[COLUMN] Is it the end of dog farming?

By Kim Joo-heon Posted : December 6, 2023, 16:56 Updated : December 6, 2023, 20:27
[Courtesy of Michael Breen]
[This article was contributed by Michael Breen, the CEO of Insight Communications and a former foreign correspondent]

SEOUL -- From time to time, I find myself wondering how future generations might look upon our era.

Just as we find it hard to believe that nice, sophisticated people could own slaves, what do we do today that will make our great-grandchildren doubt our moral uprightness?

There are some obvious candidates for disapproval – warfare, poverty, pollution, loneliness, high taxation.
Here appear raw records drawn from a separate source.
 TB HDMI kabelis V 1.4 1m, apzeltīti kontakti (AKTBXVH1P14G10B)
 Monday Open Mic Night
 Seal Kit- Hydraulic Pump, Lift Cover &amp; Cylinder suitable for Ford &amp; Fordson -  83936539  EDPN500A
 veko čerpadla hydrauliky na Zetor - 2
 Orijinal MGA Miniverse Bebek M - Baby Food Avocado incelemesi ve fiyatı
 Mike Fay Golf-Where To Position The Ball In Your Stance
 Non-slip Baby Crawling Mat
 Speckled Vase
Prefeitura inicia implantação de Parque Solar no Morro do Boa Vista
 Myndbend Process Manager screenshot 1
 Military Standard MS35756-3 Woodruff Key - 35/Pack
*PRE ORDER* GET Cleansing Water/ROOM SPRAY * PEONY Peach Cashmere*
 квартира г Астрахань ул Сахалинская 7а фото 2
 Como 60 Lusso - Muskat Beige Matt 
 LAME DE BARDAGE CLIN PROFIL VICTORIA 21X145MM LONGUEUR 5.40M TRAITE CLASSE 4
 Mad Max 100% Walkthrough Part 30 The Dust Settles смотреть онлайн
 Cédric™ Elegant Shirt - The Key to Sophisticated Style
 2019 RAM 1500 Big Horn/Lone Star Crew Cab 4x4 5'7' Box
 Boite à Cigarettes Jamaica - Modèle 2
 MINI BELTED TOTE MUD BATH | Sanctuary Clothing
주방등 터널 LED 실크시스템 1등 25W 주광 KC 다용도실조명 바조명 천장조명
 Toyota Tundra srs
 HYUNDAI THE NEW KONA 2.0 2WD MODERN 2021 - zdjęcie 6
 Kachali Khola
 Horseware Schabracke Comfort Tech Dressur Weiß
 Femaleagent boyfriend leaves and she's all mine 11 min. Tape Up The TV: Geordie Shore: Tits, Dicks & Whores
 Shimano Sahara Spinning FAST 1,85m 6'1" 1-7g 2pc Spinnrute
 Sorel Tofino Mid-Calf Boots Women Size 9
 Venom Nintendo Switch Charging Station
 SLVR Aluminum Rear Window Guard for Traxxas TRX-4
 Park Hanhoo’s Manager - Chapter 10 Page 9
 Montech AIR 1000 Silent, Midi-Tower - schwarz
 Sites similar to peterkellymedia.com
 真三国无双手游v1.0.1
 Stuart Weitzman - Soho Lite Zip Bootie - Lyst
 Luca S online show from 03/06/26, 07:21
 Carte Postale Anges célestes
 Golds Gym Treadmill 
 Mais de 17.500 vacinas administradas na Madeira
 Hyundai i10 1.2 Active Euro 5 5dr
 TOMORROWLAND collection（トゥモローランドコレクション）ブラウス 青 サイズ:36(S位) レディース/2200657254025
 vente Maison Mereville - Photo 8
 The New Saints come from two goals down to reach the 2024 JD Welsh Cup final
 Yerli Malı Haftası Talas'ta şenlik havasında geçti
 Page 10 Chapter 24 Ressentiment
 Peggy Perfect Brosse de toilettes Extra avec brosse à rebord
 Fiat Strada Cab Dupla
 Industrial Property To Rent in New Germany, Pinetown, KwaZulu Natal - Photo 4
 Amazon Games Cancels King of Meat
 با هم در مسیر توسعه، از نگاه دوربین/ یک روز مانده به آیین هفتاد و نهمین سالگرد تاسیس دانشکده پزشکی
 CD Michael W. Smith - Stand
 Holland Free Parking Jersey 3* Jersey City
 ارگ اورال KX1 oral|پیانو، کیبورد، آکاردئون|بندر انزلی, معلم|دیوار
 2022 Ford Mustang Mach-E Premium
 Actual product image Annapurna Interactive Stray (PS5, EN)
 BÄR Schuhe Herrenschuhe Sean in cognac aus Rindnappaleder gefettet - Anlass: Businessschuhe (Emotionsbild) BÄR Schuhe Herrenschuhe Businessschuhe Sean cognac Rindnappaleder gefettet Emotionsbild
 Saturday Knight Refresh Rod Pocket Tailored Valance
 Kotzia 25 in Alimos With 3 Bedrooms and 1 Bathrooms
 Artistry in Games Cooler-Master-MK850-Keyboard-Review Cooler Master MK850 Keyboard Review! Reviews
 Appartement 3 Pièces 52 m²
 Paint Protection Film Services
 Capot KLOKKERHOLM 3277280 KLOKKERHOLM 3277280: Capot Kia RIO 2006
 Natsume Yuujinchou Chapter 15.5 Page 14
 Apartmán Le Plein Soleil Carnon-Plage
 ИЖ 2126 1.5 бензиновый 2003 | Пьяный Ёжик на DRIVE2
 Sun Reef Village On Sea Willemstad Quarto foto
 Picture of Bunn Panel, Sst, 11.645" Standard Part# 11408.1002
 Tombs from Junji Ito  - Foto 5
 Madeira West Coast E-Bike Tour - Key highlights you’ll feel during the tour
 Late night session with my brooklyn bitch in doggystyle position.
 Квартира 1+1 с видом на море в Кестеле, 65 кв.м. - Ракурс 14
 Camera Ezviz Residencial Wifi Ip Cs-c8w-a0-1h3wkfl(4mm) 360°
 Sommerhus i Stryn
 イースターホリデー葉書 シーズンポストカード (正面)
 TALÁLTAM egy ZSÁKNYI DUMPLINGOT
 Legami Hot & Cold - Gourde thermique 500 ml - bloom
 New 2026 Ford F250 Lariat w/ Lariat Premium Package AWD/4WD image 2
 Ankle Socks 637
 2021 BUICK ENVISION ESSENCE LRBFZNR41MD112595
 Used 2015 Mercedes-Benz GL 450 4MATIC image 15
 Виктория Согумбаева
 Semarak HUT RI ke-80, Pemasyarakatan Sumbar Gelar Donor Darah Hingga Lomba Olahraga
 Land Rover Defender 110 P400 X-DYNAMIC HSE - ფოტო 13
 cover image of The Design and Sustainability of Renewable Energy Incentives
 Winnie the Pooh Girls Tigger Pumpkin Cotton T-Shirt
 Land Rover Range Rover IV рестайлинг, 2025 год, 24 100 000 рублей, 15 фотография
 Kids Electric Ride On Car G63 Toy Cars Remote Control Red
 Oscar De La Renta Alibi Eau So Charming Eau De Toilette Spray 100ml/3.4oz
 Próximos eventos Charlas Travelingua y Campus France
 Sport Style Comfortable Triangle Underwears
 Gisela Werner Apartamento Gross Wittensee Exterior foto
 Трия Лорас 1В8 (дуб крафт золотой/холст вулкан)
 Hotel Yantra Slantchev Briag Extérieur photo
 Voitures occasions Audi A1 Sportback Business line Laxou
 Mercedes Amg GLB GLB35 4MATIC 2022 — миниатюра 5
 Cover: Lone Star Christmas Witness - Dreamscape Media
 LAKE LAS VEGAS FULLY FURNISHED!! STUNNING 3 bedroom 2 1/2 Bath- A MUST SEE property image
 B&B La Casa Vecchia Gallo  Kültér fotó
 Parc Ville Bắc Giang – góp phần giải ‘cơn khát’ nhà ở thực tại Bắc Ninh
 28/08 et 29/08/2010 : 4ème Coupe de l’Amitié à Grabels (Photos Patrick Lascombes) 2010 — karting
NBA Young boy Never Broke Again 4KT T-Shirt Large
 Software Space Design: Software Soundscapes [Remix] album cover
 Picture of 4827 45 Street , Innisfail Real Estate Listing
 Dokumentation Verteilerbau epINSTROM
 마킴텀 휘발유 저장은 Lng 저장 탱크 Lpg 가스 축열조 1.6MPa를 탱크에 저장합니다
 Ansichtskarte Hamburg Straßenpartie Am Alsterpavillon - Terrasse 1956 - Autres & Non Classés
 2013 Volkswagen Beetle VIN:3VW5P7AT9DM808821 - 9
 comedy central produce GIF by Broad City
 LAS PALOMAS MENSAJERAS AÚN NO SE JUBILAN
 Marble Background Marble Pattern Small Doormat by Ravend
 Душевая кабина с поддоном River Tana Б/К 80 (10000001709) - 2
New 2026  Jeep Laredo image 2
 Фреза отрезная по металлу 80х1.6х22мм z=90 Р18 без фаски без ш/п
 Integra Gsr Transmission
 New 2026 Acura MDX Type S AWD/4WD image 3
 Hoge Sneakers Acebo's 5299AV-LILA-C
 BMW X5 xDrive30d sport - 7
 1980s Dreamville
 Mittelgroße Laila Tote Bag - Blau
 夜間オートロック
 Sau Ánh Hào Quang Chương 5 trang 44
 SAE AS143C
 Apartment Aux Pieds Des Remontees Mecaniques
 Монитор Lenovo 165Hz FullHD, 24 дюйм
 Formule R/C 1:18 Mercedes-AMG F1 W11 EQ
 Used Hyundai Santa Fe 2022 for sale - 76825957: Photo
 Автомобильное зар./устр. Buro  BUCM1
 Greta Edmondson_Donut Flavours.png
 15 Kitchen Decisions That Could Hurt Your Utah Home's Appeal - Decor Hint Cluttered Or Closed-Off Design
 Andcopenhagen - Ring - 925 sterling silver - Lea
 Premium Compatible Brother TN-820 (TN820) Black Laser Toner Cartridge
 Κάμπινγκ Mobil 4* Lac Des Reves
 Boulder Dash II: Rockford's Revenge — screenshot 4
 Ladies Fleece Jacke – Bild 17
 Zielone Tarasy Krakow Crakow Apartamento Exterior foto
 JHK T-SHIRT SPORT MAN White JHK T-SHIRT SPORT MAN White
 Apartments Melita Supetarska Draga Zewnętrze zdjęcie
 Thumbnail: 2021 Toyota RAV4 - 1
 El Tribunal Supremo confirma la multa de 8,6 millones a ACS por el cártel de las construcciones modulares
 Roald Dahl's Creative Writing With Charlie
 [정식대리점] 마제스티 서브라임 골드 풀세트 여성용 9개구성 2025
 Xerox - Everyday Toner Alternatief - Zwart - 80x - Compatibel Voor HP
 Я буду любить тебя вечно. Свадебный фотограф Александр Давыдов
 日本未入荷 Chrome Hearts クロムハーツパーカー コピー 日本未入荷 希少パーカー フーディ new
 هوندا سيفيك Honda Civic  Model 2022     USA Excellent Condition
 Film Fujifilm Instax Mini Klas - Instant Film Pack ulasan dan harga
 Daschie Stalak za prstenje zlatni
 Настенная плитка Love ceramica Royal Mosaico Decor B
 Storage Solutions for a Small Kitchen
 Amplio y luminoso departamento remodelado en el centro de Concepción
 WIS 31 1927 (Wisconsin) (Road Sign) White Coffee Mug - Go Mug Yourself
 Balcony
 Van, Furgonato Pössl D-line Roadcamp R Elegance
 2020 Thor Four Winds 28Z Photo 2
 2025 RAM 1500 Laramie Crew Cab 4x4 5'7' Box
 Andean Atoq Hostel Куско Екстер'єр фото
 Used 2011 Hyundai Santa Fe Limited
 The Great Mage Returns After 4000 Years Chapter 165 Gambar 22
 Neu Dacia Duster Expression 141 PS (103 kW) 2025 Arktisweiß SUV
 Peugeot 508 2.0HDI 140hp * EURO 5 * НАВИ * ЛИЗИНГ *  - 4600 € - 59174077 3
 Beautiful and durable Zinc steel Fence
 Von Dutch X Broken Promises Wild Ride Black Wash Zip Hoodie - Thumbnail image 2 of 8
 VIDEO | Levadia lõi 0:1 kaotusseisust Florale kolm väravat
But the main candidate that occurs to me is the farming of animals for meat.

I imagine people will look back on this as a definition of backwardness. They may understand that ancient peoples milked cows and herded sheep, but how people who flew their own jets and owned smartphones could eat burgers made from slaughtered animals will disgust them.

The prospect may seem unlikely now, but this type of change could happen very quickly. As soon as lab-grown meat is commercially viable, I expect that vegan protestors will go into action and that within a generation or two, livestock farms, slaughterhouses and butcher shops will be a thing of the past.

I was thinking about this recently because of the ruling People Power Party’s plan to ban the dog meat trade. The bill under consideration proposes a maximum penalty of five years imprisonment or a fine of 50 million won for individuals who continue to engage in it. The opposition Democratic Party of Korea is also on board, although its bill is a little gentler on the farmers, recommending three-year jail sentences and fines up to 30 million won.

Dog farmers oppose this threatened end to their livelihood. They are threatening to unleash two million dogs in the streets of Seoul in protest.

But they are fighting a battle they cannot win. Koreans see dogs as pets now, not food. According to a Gallup Korea poll last year, nearly two-thirds opposed eating dog meat. Only 8 percent said they had eaten it in the past year, which was way down from 27 percent in 2015.

The threatened protest itself seems farcical. It makes the dog farmers look like an early 21st-century version of the Luddites. They, you may remember from European history lessons, were English workers two hundred years ago, at the start of the Industrial Revolution, who destroyed the new machinery that they believed was threatening their jobs in cotton and woolen mills.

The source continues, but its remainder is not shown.